— Listed entries —
========================================
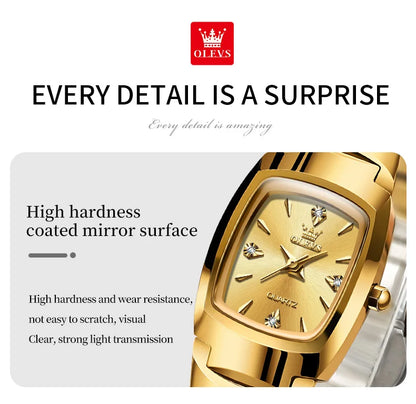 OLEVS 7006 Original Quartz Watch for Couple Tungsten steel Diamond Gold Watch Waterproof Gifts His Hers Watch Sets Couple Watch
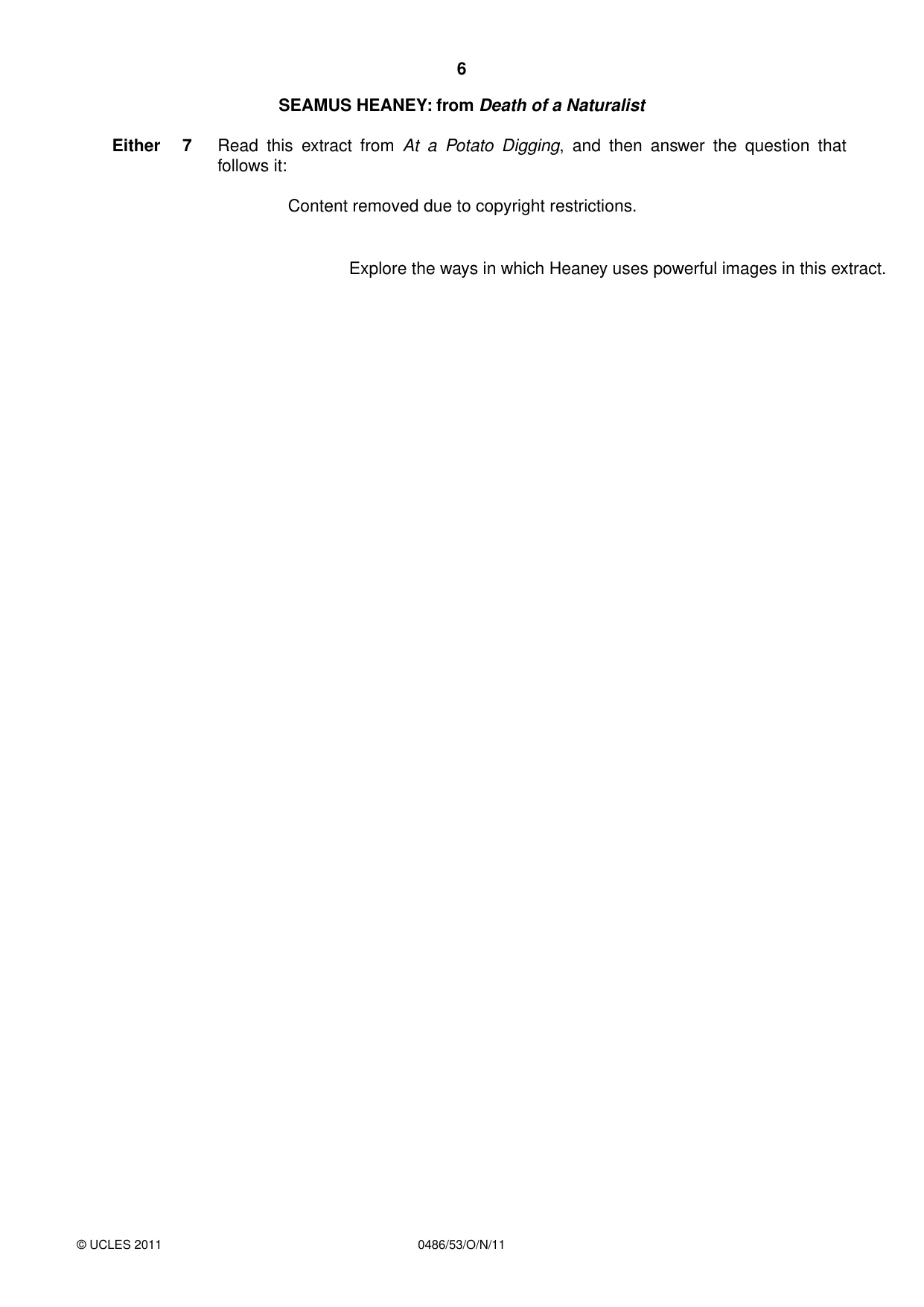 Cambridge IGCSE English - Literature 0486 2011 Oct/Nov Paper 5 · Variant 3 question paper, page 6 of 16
========================================
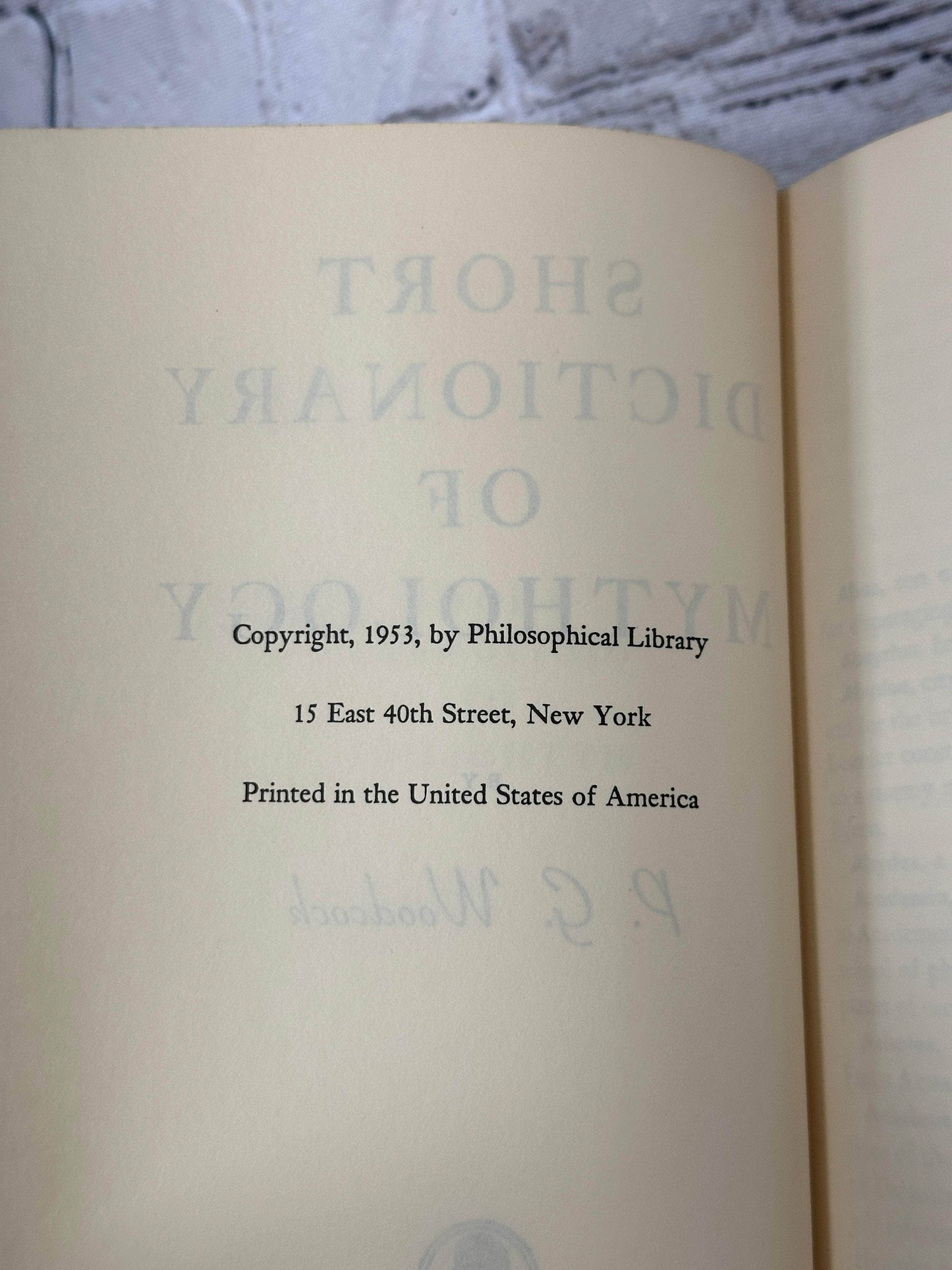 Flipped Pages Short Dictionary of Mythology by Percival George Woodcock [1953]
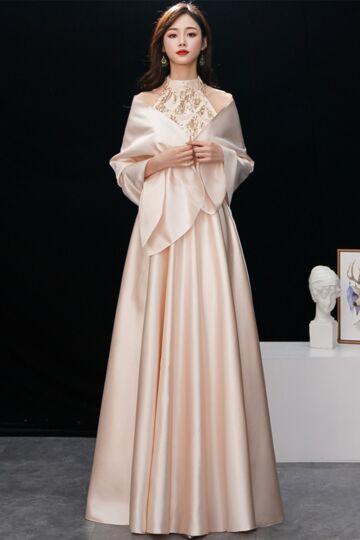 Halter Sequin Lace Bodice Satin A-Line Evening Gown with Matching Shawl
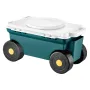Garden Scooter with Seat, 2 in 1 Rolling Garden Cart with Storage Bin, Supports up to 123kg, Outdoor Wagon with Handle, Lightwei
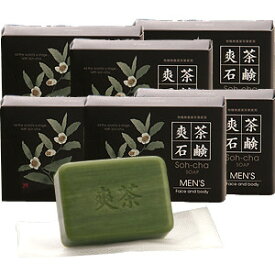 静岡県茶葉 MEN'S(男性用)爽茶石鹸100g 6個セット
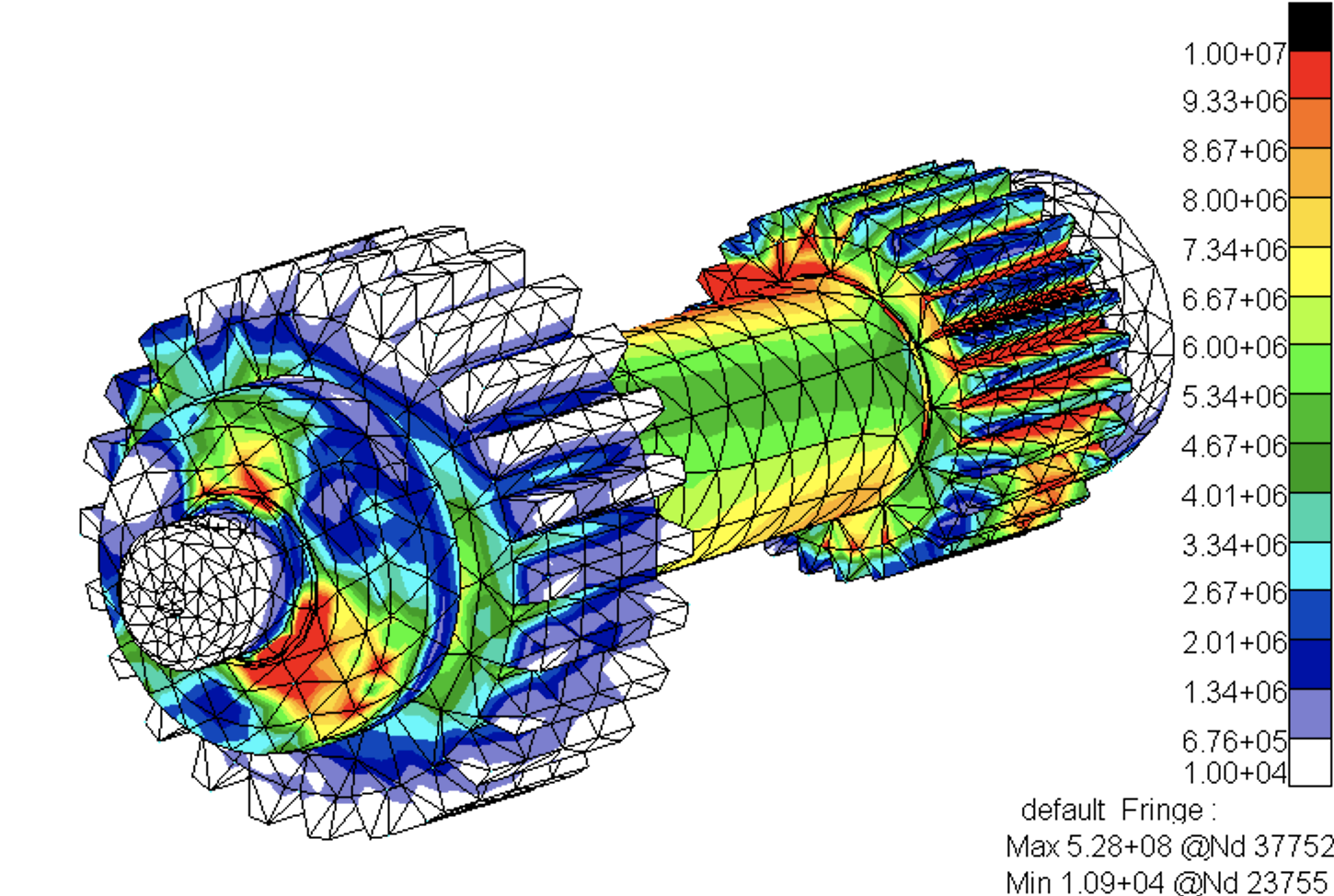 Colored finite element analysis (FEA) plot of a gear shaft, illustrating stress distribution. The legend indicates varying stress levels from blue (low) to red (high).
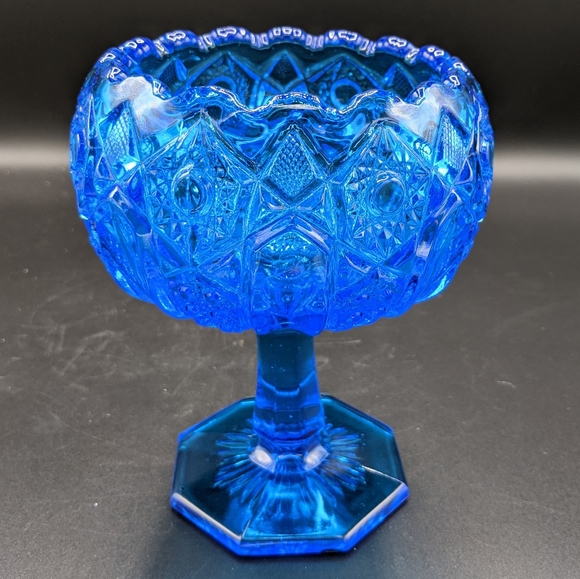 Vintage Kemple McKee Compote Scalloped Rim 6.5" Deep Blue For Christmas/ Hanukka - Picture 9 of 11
========================================
— Task to complete —
A clean copy is needed of the lines in the listing above from the one with "OLEVS 7006 Original" through the one with "Cambridge IGCSE English", exact in every word and free of pictures.

— Task result —
 OLEVS 7006 Original Quartz Watch for Couple Tungsten steel Diamond Gold Watch Waterproof Gifts His Hers Watch Sets Couple Watch
 Cambridge IGCSE English - Literature 0486 2011 Oct/Nov Paper 5 · Variant 3 question paper, page 6 of 16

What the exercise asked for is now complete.